The Royal Opera House hosts an utterly triumphant revival of Moshe Leiser and Patrice Caurier’s production of Gioachino Rossini and Cesare Sterbini’s classic opera Il barbiere di Siviglia (the barber of Seville to us mere mortals). It is an animatedly dynamic production full of fun, smiles and laughter.
Il barbiere di Siviglia is the simple and charming story of a young man who must fight to be with the woman that he loves. Count Almaviva conceals his title from the young woman, Rosina, who is the object of his affections in the hope that she will love him regardless of his wealth and position. On finding that she loves him regardless of his fortune, he constructs a way of making her his wife, and with the help of Figaro, the local barber they conceive a plan. There is one small snag; Rosina is imprisoned by an old and grumpy doctor who wishes to marry Rosina that very same day. This grumpy old man, Doctor Bartolo, is assisted in his misconducts by a wonderfully wicked priest and the whole thing descends into fabulous chaos relatively quickly. It’s quite fantastic.
With a good choice of eccentric characters, a love match, in which we are invested, all amplified in the excitement of the huge time pressures of the piece, it is little wonder that the entire first half ends up culminating into a monumentally spectacular climax, helped hugely by the most incredible set flourishes from Christian Fenouillat.

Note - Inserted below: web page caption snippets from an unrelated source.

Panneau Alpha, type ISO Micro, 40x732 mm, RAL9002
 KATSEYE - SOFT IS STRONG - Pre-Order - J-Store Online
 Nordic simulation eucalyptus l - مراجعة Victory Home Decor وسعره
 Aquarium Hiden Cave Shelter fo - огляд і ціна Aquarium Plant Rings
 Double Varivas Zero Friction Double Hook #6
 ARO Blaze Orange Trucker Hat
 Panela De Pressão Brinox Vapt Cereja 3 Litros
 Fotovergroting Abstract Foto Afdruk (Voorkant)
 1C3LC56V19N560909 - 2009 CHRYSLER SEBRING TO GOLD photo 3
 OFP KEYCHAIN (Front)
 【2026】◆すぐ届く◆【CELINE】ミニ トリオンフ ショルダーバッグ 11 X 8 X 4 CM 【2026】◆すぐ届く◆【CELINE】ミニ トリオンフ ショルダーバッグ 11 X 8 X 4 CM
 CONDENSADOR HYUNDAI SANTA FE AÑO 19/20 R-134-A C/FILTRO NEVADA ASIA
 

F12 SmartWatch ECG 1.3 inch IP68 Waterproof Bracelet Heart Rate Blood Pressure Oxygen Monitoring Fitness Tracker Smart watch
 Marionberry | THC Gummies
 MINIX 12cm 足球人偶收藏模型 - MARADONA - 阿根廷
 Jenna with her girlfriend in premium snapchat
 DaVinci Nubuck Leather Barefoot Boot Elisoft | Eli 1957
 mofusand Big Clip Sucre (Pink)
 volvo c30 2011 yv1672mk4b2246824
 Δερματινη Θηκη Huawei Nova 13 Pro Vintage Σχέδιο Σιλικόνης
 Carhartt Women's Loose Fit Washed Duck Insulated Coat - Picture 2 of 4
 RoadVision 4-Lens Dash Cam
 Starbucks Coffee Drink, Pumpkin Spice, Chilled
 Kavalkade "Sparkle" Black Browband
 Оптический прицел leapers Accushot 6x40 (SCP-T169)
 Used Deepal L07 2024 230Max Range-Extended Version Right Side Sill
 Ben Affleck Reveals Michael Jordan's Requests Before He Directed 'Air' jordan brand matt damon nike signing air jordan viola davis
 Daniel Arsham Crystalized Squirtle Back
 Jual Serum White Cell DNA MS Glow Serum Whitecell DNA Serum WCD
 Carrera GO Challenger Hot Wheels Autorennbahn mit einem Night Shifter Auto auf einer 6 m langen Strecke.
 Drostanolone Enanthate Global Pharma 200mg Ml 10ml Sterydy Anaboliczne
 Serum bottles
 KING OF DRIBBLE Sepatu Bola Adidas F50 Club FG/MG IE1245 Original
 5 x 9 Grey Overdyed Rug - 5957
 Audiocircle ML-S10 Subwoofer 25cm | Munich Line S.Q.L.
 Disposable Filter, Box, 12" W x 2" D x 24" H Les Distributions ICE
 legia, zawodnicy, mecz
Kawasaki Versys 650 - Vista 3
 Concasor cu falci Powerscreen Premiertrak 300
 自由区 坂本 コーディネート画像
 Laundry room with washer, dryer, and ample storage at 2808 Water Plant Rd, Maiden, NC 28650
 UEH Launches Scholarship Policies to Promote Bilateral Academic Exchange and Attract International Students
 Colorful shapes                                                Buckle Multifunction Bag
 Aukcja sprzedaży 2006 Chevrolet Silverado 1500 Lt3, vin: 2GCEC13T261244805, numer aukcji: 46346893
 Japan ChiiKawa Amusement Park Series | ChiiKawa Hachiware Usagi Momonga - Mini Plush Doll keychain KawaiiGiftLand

I should, and feel obliged to add, however that the first half alone was just over two hours long. It was with real discipline of concentration that I was able to fully enjoy it to the end of that two hour stint and I should acknowledge that sitting through two hours of singing in a different language with a plot that moved relatively slowly will absolutely not be everyone’s cup of tea. But my wish is to encourage anyone to try this piece out, even if you have never seen an opera before in your life (this is only the second one I have ever seen by the way). There is a helpful and non-abrasive translation displayed above the stage on a caption board (surtitles). I found it useful to glance at if I felt like I was loosing the plot, no pun intended. But generally, and especially in this production the performers do all the hard work for you, making this opera, although long, a very fun and enjoyable experience.
Vito Priante is glorious as the title role of the barber, Figaro. Both his tone and visual projection are magnificent and his humour and cheek is superb. Javier Camarena makes a glorious debut at the Royal Opera House as the Count, reviving the role he previously sung for the Metropolitan Opera in New York. His voice is almost unearthly, and with a residual power that resonates around the whole hall – it was stunning, stunning work. Daniela Mack again makes her debut at the Royal Opera House and is charming, cheeky and astute in her role of Rosina. It is another transfixing and powerful vocal delivery, made seamlessly and effortlessly by this exceptionally talented young woman.
It was a delightful evening of joy, laughter, surprises and so importantly spectacular music and drama. The atmosphere was electric and the orchestra, incredibly conducted by Henrik Nánási was simply perfection. Whether you are a first time opera viewer or a seasoned professional this is not a production to miss. It is a classic done wonderfully and I would question anyone who might say, with sincerity, that they did not enjoy it.